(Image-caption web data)
....................

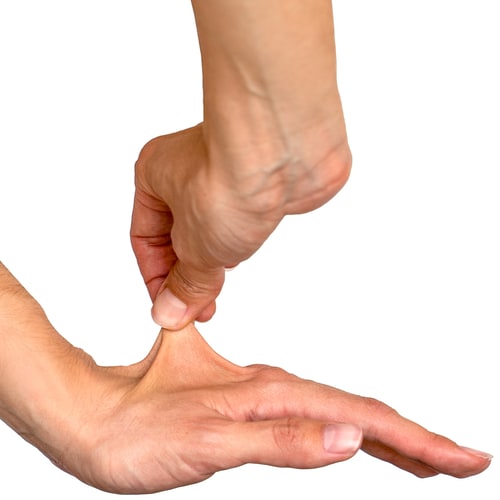 Photo one hand pinching the skin on the back of the other hand and lifting it up surprisingly far, a telltale sign of hypermobility.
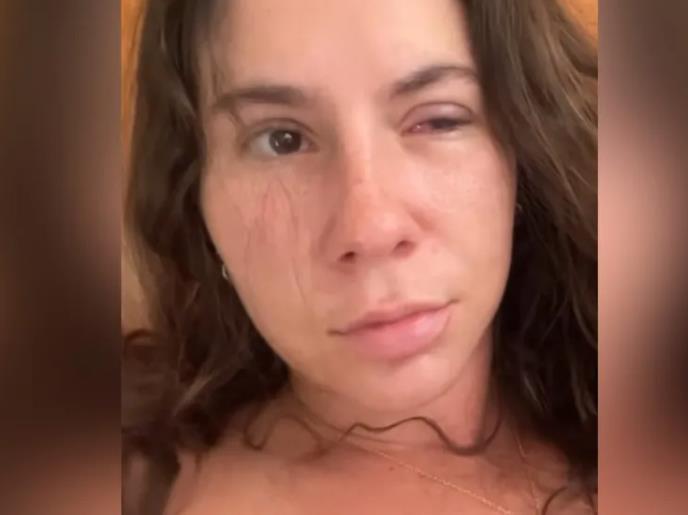 Vivijen Nosovicki - problem sa okom.jpg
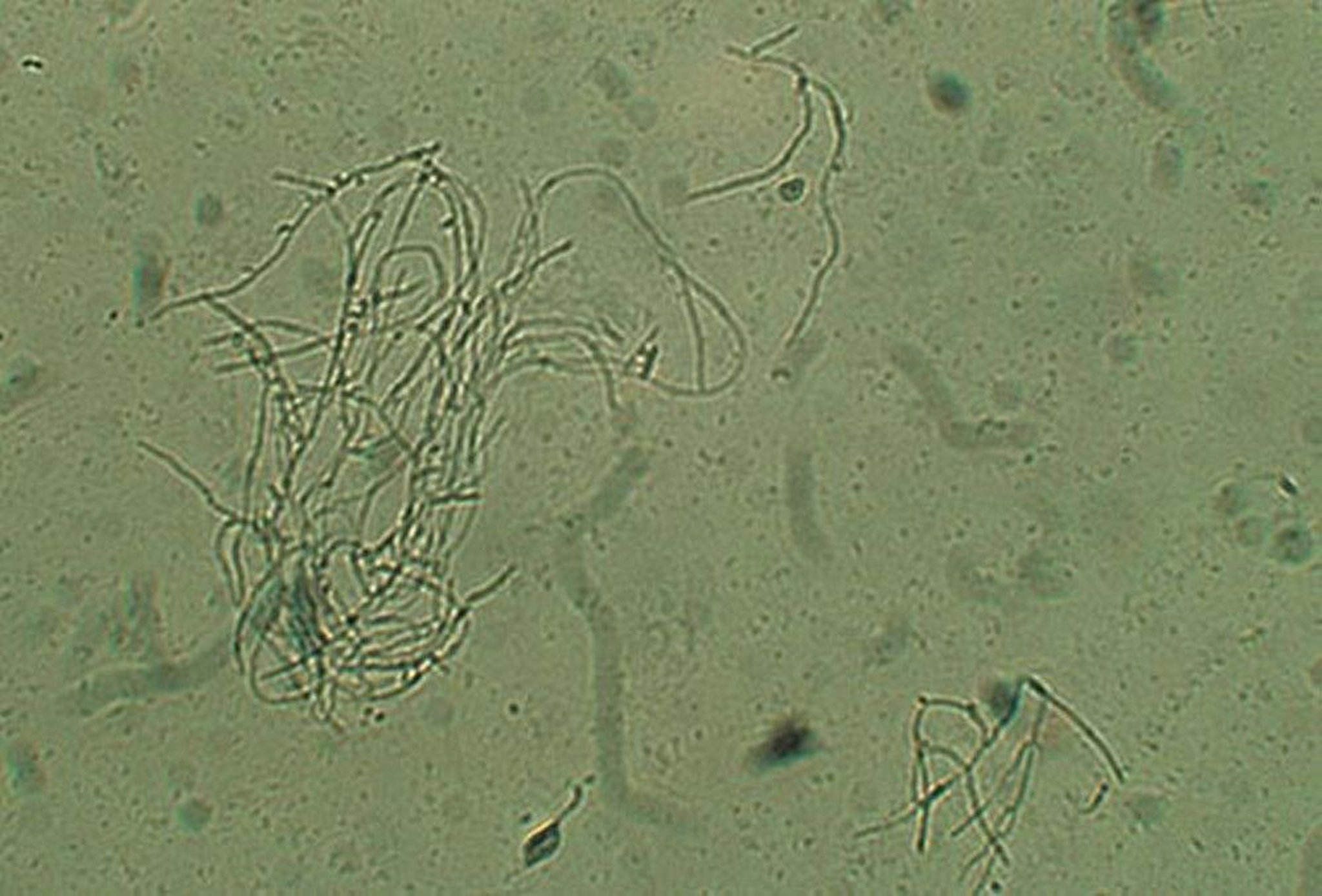 Hyphae and Spores in Candidal Vaginitis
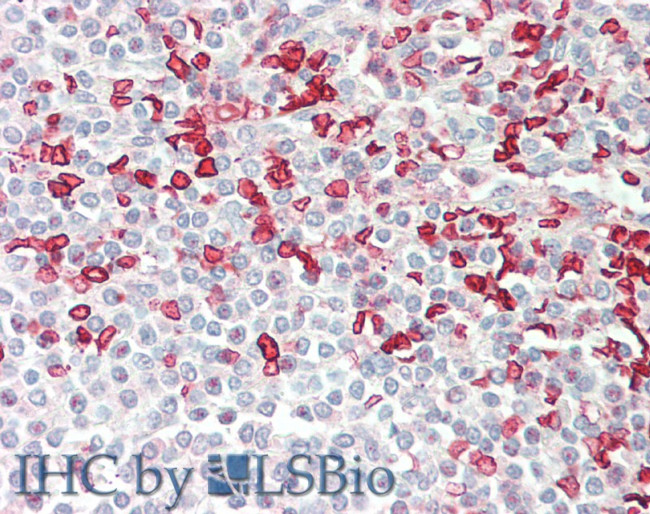 HMBS Antibody in Immunohistochemistry (Paraffin) (IHC (P))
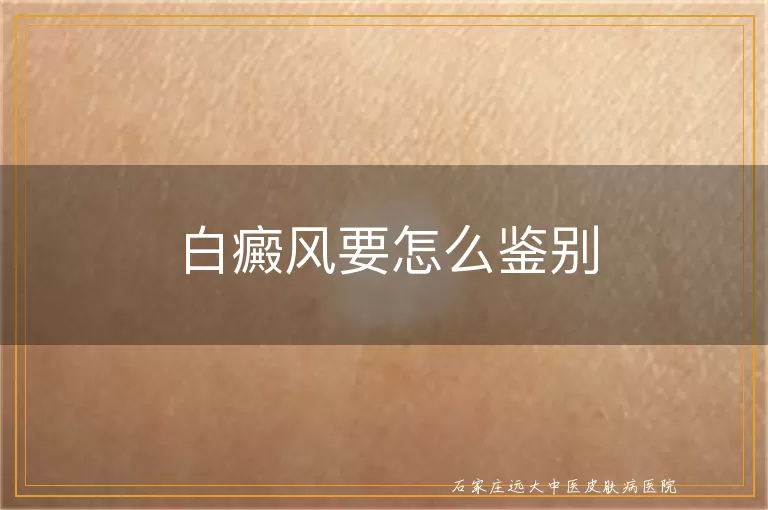 白癜风要怎么鉴别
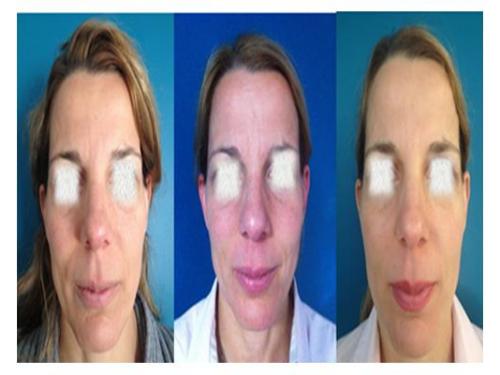 Tratamientos para novias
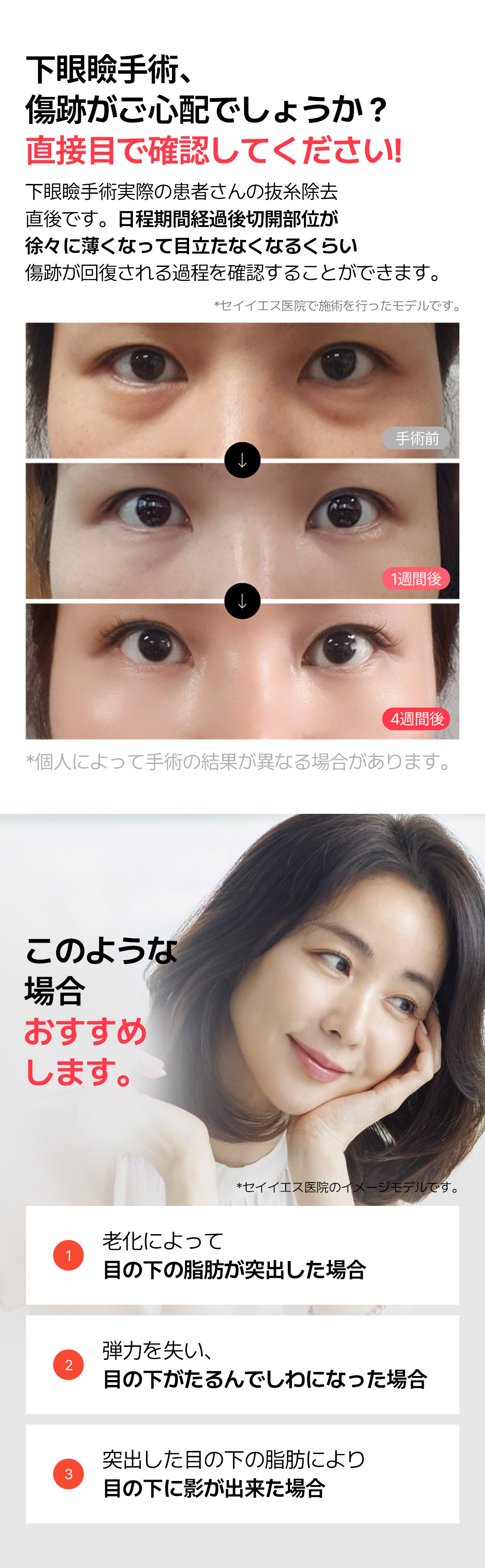 Hướng tới cải thiện chảy xệ・phồng mỡ vùng mắt với Phẫu thuật tạo hình mí dưới | Seoul Sinnonhyeon stn.・Phòng khám Sayyes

....................

■ TASK
Set down a word-for-word copy of the records, dropping any picture.

■ RESPONSE BELOW
 Photo one hand pinching the skin on the back of the other hand and lifting it up surprisingly far, a telltale sign of hypermobility.
 Vivijen Nosovicki - problem sa okom.jpg
 Hyphae and Spores in Candidal Vaginitis
 HMBS Antibody in Immunohistochemistry (Paraffin) (IHC (P))
 白癜风要怎么鉴别
 Tratamientos para novias
 Hướng tới cải thiện chảy xệ・phồng mỡ vùng mắt với Phẫu thuật tạo hình mí dưới | Seoul Sinnonhyeon stn.・Phòng khám Sayyes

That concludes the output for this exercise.